The co-chairmen were: Prof. Hamid bin Ahmad Al-Rifaie, president of the International Islamic Forum for Dialogue from Saudi Arabia and Cardinal Jean-Louis Tauran of the Pontifical Council for Interreligious Dialogue. They stressed that religions, "if authentically practiced, effectively contribute in promoting brotherhood and harmony in the human family."

Perhaps, the most striking proof of "authentic practice, is not in the ABS-CBN staff members hostage incident. . Rather, look at Muslim-Christian tensions in Algeria of the early 1990s. . Extremists then warned. all foreigners to leave, including Trappist monks.

Father Christian, their abbot, wrote out a "last testament", to be opened if they were murdered, He was killed with six other monks. Here are excerpts: .

"If it should happen one day - and it could be today - that I become a victim of the terrorism, I would like my community, my church and my family, to remember that my life was given to God and to this country. ...

"I would like, when the time comes, to have a moment of lucidity. (This ) would allow me to beg forgiveness of God and my fellow human beings, and at the same time to forgive, with all my heart, the one who would strike me down.

"I could not desire such a death. It seems important to state this. How I could rejoice if the people I love were to be accused indiscriminately of my murder. ...

"I am aware of the caricatures of Islam, which a certain Islamism encourages. It is too easy to salve one's conscience by identifying this religious way [Islam] with the fundamentalist ideologies of the extremists.

"My death, clearly, will appear to justify those who hastily judged me naive, or idealistic: `Let him tell us now what he thinks of Islam.'

But ... this is what I shall be able to do, if God wills - to immerse my gaze in that of the Father, and contemplate with him his children of Islam just as he sees them. For this life lost, totally mine and totally theirs, I thank God."

'As I watch the news each day, read the newspapers, and listen to friends share about the situation in the world, I find few words that challenge me as deeply as these".

What this courageous Abbott calls us to is what's deepest inside Christianity and all authentic religion, namely, a solidarity with all others, that's based upon a common God and a common humanity, Fr. Ron Rolheiser notes. This fact trivializes every other difference. "We are brothers and sisters, all of us, Muslims and Christians, and everyone else, under one gaze of love from God.".

That's not easy to see, nor accept. Daily, we hate, imprison, torture, and kill each other in the name of God and our values. Father Christian invites us instead to : live out of the Gospel, not out of our feelings. What, in essence, does that mean?, asks Fr. Rolheiser. One day, Jesus was "walking along the borders of Samaria, when he met a woman." This is more than mere geography and a simple conversation. "A border is a boundary, the edges of something foreign," he writes.

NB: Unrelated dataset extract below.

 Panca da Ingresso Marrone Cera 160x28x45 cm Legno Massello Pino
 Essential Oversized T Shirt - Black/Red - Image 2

Samaria was a different ethnicity and a different religion, and the woman a different gender.

In essence, the Gospels are saying: "Jesus was walking along the edges of ethnicity, religion, and gender, as then known and accepted. Nowhere is there a more succinct description of where the Christian churches today, all of them, stand. "We are standing on the borders of ethnicity, religiosity, and gender, as we once knew these, particularly as these pertain to Islam".

And to what do does this call us to?

"Precisely to what Abbott Christian lived and articulated: to stay in the relationship, not to caricaturize, not to misunderstand, not to let what's worst in each other eclipse what's best in each other," he adds.

All must trust in a common God, to die in love if necessary, and especially to not forget, ever, that we are brothers and sisters, given equal life by a common Father, as the 14th meeting Islamic-Catholic Liaison Committee reminded all.

"This is not a dangerous flight into idealism, a child's naivete. It's also astutely political, a brutal realism. Until we and Islam embrace as brothers and sisters, there can be no peace". And no political or military power can provide us with security, as a "betrayed" Ces Drilon and her team belatedly discovered.